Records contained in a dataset
::::::
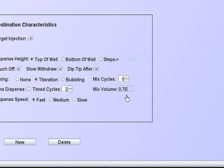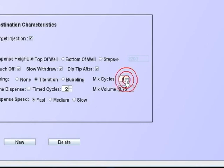As an alternative, a set number may be entered. The number of mix cycles is self-explanatory. Six cycles is better than three. Six takes twice as long as three.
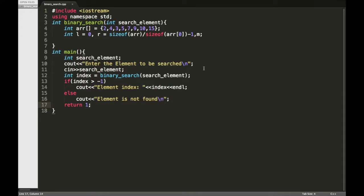Hey guys, welcome back to my channel. In today's video we are going to implement binary search algorithm using C++. Actually, this algorithm can be implemented in two ways which are iterative method and recursive method, but in this video we are going to follow the iterative method.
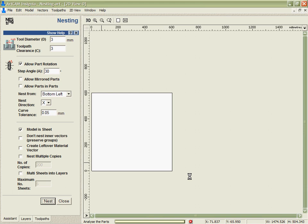So it's just finishing analysing the parts there because we've got a lot of different parts that just took a few seconds. Now it's actually going through the nesting process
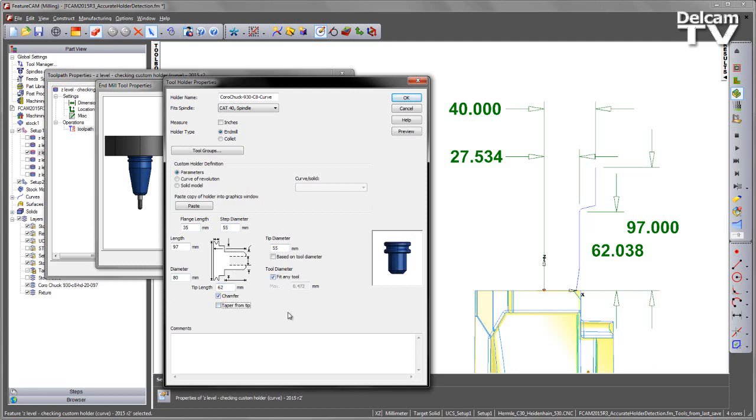We're also going to remove the taper. We get something that looks similar but because we're using the default parameters we don't get a truly accurate representation. For example the chamfered edge is quite different on this tool. Even though we've got something that looks similar it's not as accurate as we want it to be.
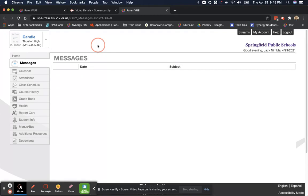This concludes the training video on how to log in to your ParentVUE account. Thank you for being part of the Springfield Public School District.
::::::
§ **Problem to work on**
The copy should hold every entry above word for word and none of the pictures.

§ **The completed task**
As an alternative, a set number may be entered. The number of mix cycles is self-explanatory. Six cycles is better than three. Six takes twice as long as three.
Hey guys, welcome back to my channel. In today's video we are going to implement binary search algorithm using C++. Actually, this algorithm can be implemented in two ways which are iterative method and recursive method, but in this video we are going to follow the iterative method.
So it's just finishing analysing the parts there because we've got a lot of different parts that just took a few seconds. Now it's actually going through the nesting process
We're also going to remove the taper. We get something that looks similar but because we're using the default parameters we don't get a truly accurate representation. For example the chamfered edge is quite different on this tool. Even though we've got something that looks similar it's not as accurate as we want it to be.
This concludes the training video on how to log in to your ParentVUE account. Thank you for being part of the Springfield Public School District.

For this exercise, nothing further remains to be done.